Counter-Strike: Global Offensive Premieres On Linux, 2 Years After Windows
An anonymous reader writes Counter-Strike: Global Offensive has finally been released for Linux two years after its Windows debut. The game is reported to work even on the open-source Intel Linux graphics drivers, but your mileage may vary. When it comes to the AMD and NVIDIA drivers, NVIDIA continues dominating for Linux gaming over AMD with Catalyst where there's still performance levels and other OpenGL issues.
Lately I've been addicted to Team Fortress 2.
Runs *flawlessly* native under Linux. Fastest load times compared to windows.
Such a blast.
What OpenGL issues, exactly? The only ones I've had recently are with some nvidia-specific stuff for surface mapping, but that was in a coding demo. For the actual games, modern AMD/Radeon drivers seem to do just fine, and are actually sometimes less of a pain than the nVidia ones for installation.
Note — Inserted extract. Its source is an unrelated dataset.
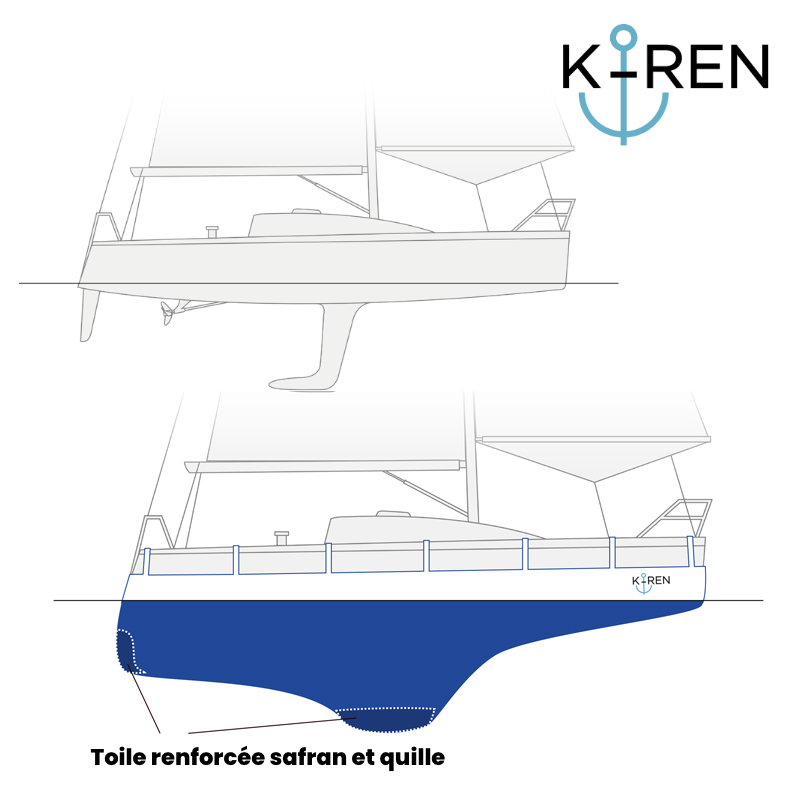 Cubierta K-REN Protect -  un barco de quilla de timón único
So, if you want to really take advantage of the hardware you 've paid for, you 've got to go Nvidia. All the others are basically frauds when it comes to Linux support. So, why so much Nvidia hate in the community? Isn't having a Linux system that's 99.9% open-source and has killer graphics better than having a system that's 100% open-source but doesn't allow you to take advantage of the GPU hardware?